(PROVIDED MATERIAL):
*** Block opens ***

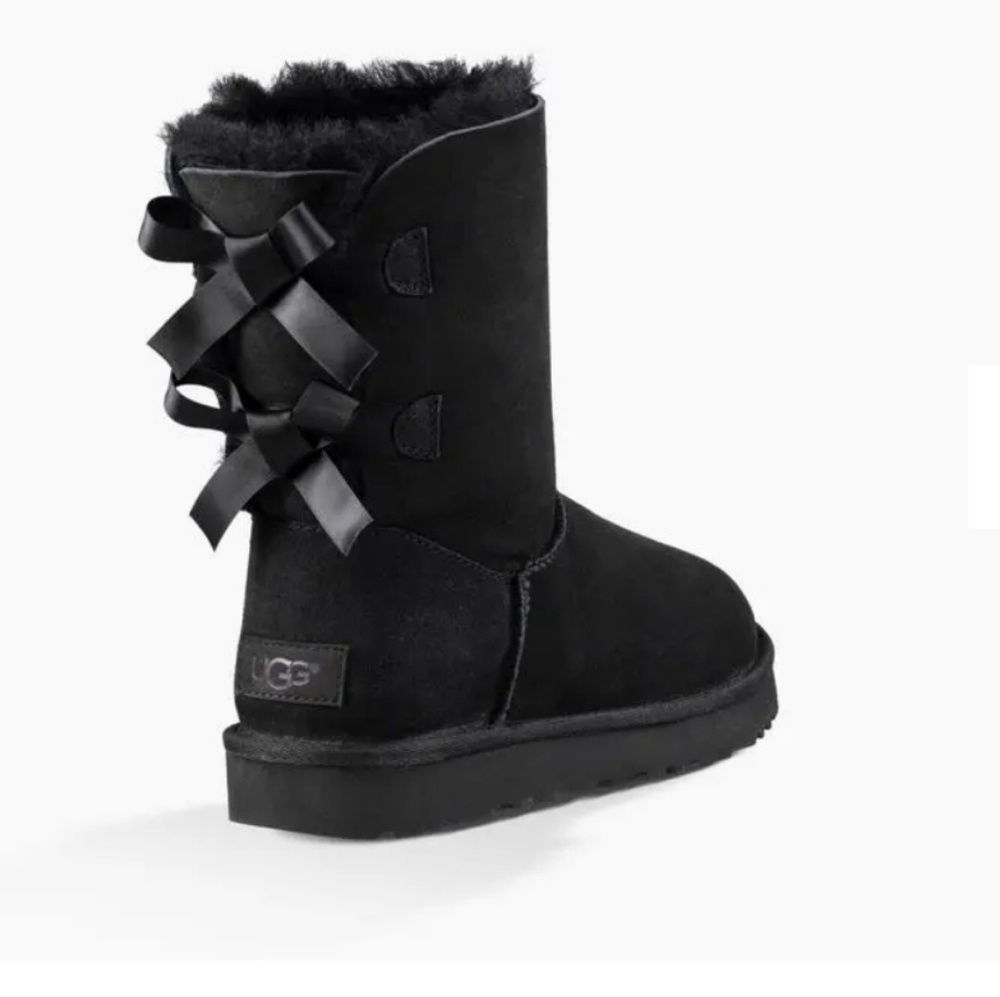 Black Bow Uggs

*** Block closes ***
*** Block opens ***

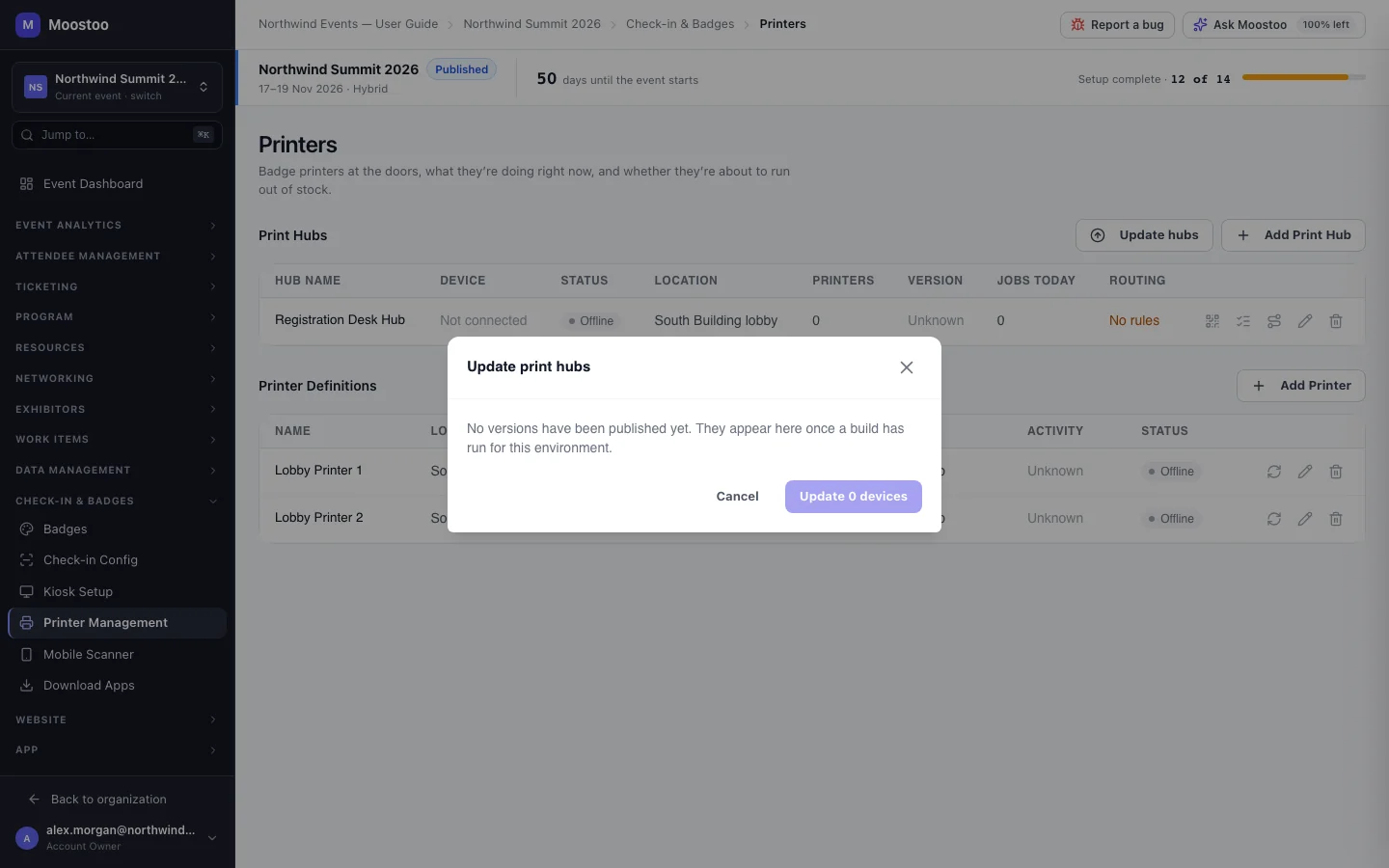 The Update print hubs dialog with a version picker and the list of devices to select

*** Block closes ***
*** Block opens ***

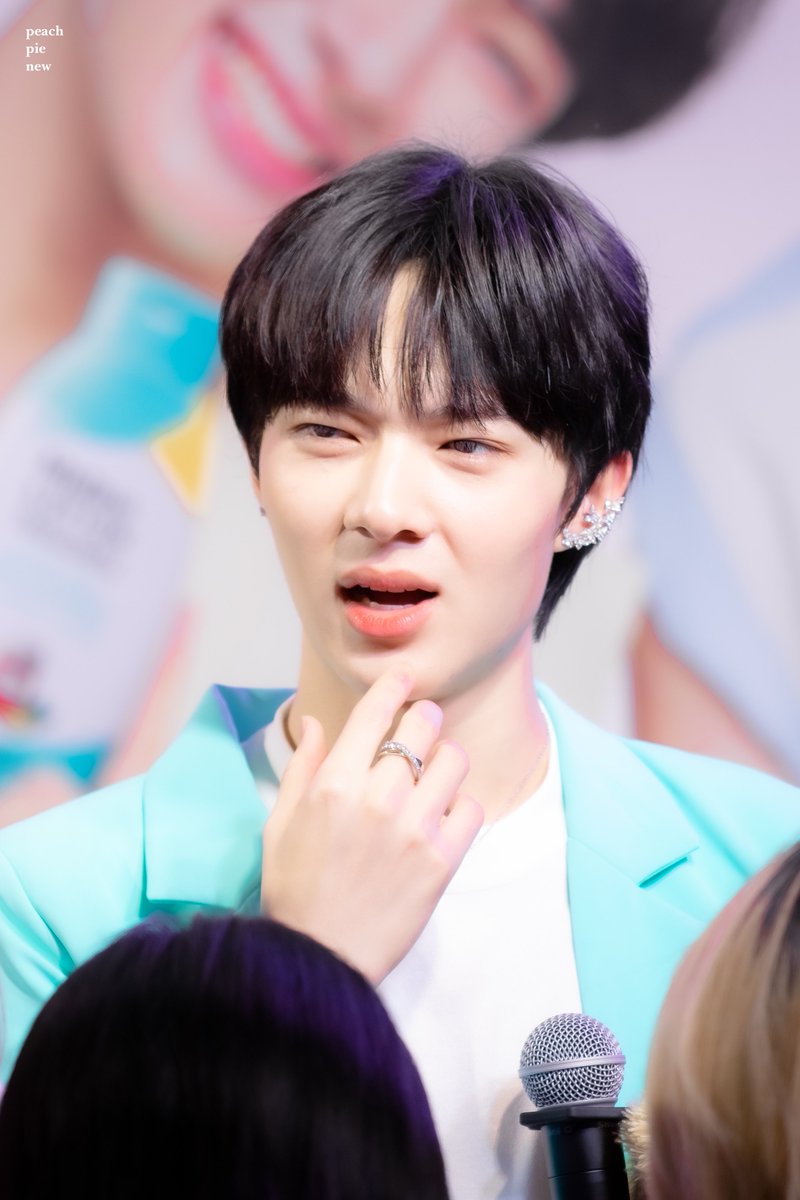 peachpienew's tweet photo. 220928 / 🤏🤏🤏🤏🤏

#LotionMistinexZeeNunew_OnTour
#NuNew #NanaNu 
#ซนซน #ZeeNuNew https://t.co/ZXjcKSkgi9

*** Block closes ***

(WORK TO BE COMPLETED): Please return only the lines above, starting at the line that has "#LotionMistinexZeeNunew_OnTour" and ending at the line that has "#ซนซน #ZeeNuNew https://t.co/ZXjcKSkgi9", keeping both and leaving each one unchanged.

(SOLVED EXERCISE):
#LotionMistinexZeeNunew_OnTour
#NuNew #NanaNu 
#ซนซน #ZeeNuNew https://t.co/ZXjcKSkgi9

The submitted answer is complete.